Every denomination has its concerns about empty pews at one time or another, but it has become a critical issue for the Roman Catholic Church. This has prompted several surveys among “lapsed Catholics,” one of which was a recent survey in the Diocese of Trenton, New Jersey, conducted by Villanova University. The survey was called “Empty Pews” (not to be confused with the Pew Forum, which also conducts surveys).
According to the report, the survey asked members of the diocese “a series of questions about church doctrine and parish life to better understand why they are staying home.” The survey was considered to be representative of almost any diocese. About two-thirds of the responders were female, with a median age of 53. One spokesman noted this as a critical demographic: “If we’re losing the 53-year-old women, we risk losing their children and their grandchildren,” he said.
So what were some of the reasons given which might explain the empty pews? As to be expected, there was criticism about the sex scandal and how it had been handled. There were a considerable number of negative comments about their parish priests, like “distant” and “insensitive.” As one responder put it, “Ask a question and you get a rule,” rather than, “Let’s sit down and talk about it.” Responders were also troubled about the Church’s view of gays and same-sex marriage (rather muddled), and about women priests. Some also expressed a desire for better homilies (Luther could help them with that), and better music (perhaps some good old congregational hymn singing might help?).
It is not a happy time in the Catholic Church, as the survey revealed, and we can sympathize with some of their people’s complaints. However, the greatest reason a person should have for dissatisfaction with the Pope’s church is its refusal to let the fresh air of the unconditioned gospel pervade its teaching so that poor sinners come to know that they are saved by grace through faith and not by the works of the Law. We’d be willing to wager that a lack of true Gospel teaching is at the heart of the problem and that if this problem were truly addressed, some of those empty pews might start filling up again.
Splinters vs. Mergers
It may not be a permanent trend, yet this development in the Protestant world is worth noting. After decades of mergers among church bodies, we are witnessing a different trend on the religious landscape—a trend toward splintering rather than merging. Back in 2008, the Episcopal Church experienced a split when the splinter group known as the Anglican Church in North America was formed, after the parent church had consecrated an openly gay bishop.
Two years later, the large Lutheran body ELCA experienced the withdrawal of a sizeable conservative group, which formed the North American Lutheran Church. Most recently, the large Presbyterian Church (PCUSA) has experienced the separation of a breakaway group known as the Evangelical Covenant Order of Presbyterians. All three admit that the breaking point for them was the dispute over gay clergy, though other issues in theology and church bureaucracy had been brewing for some time.

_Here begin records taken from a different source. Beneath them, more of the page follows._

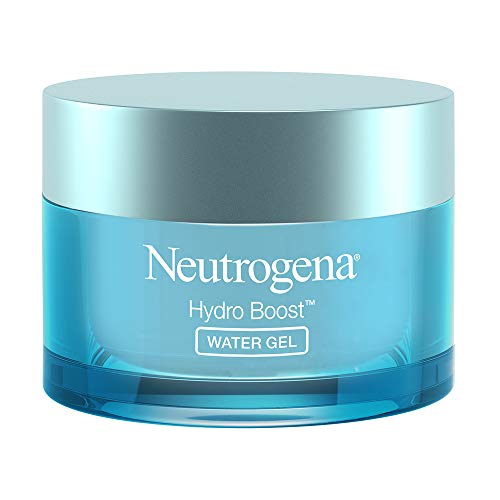 Neutrogena Hydro Boost Water Gel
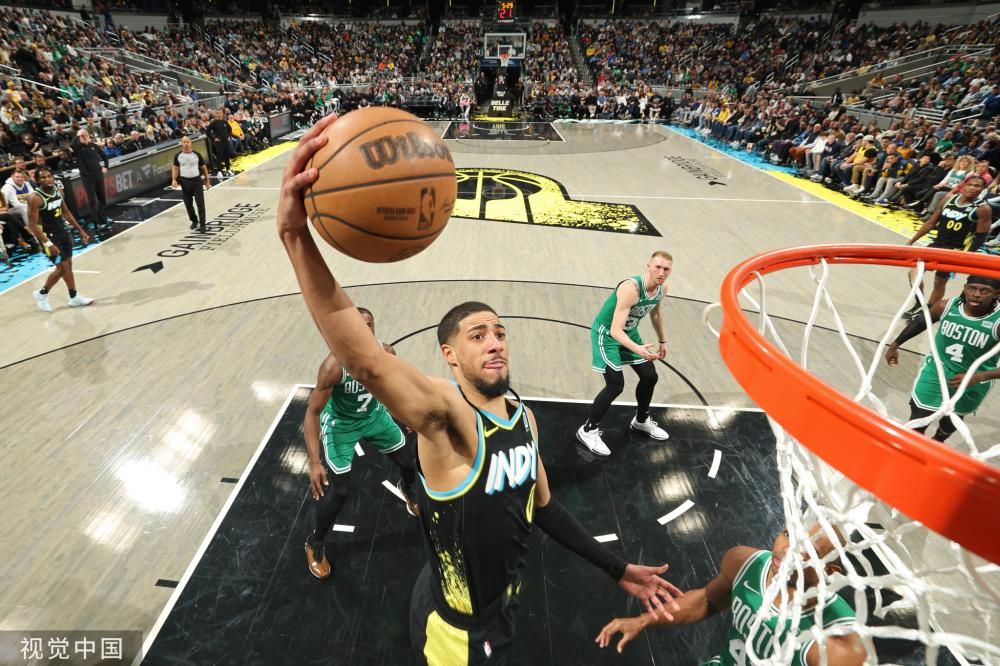 对未来的希 对未来的希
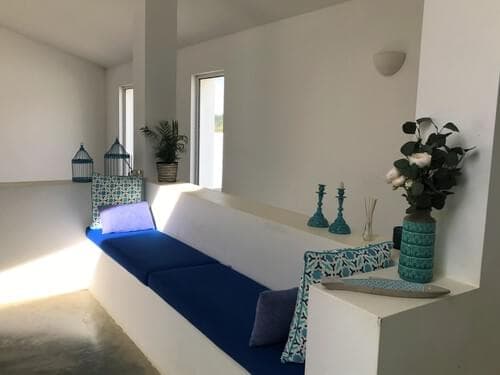 PF32733 - Hotel, São Teotónio, Odemira - Imagem 21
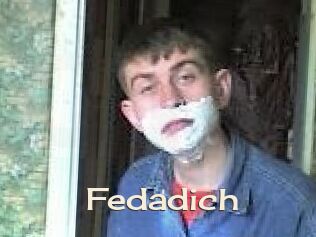 fedadich Big Dicks Round Ass
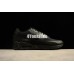 NIKE AIR MAX 90 ULTRA 2.0 ESSENTIAL TRIPLE BLACK 875695-002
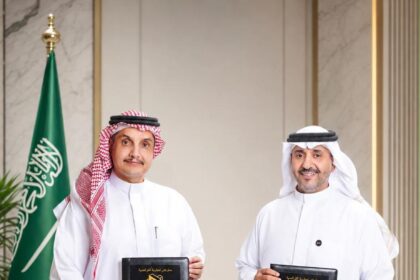 Masar Expo, MSXPO launch Saudi Franchise Live digital exhibition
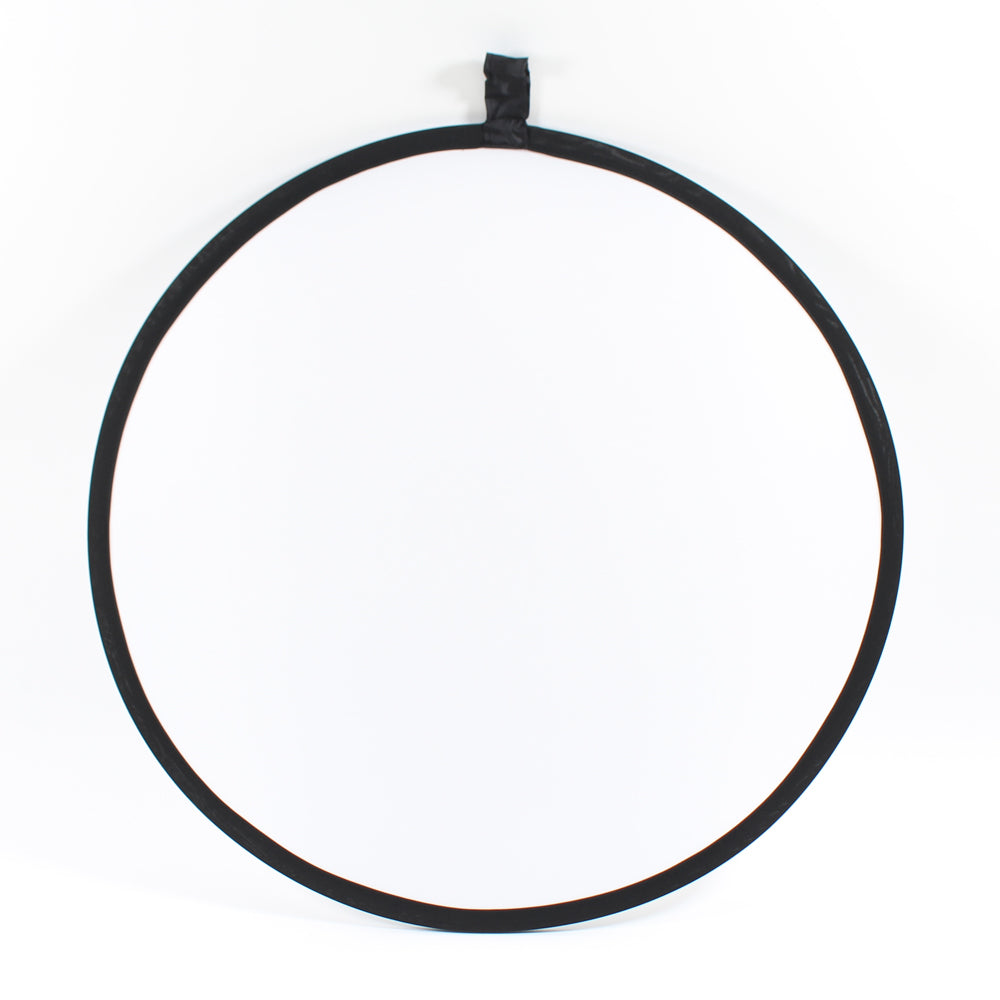 StudioKing Reflektor 5 i 1 RE5-60 60 cm — 3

There have been varied reactions to the splinter “trend.” One sociologist commented that American Protestants have been splintering since Roger Williams left Plymouth Colony in the 1630s. Some see the new denominations heading toward a dead end if their only reason for existing is their anti-gay policy. As another sociologist sees it, “Public opinion about gays and lesbians and gay marriages are changing so dramatically that at some point in the future—it’s not going to matter very much.”
Sad to say, he is undoubtedly right. We know how the slippery slope of gradual accommodation works. We refer you to the example of the fabled frog that boiled to death after starting out in a pail of warm water. Any movement for substantive change for good in the church cannot be swayed by public opinion, but must be rooted in that view of Scripture, which regards it as the very truth of God and nothing but the truth. This view goes for all of Scripture, not just some of it, as St. Paul states, “All Scripture is given by inspiration of God” (2 Timothy 3:16).
A “Wedding” But Not “Marriage”
A reader of this column was given a case of indigestion one recent morning while eating his breakfast. The cause of the offense was a television program in which a rabbi was vehemently denouncing the Minnesota referendum against gay marriage. He charged the proponents of the referendum with bigotry, whereas, as the reader noted, in reality, the “bigot” he was denouncing was God Himself! The reader than added this discerning comment: “What apparently is not clear to many people is that homosexuals cannot marry, regardless of what any man-made laws or constitution may state.” Citing God’s design for marriage as that of one man and one woman, the reader concluded: “Homosexuals certainly may have a wedding, that is, a civil ceremony. They cannot marry; that is a spiritual determination.” To which we say, “Well said.”
Paul Madson is a retired pastor living in North Mankato, Minnesota.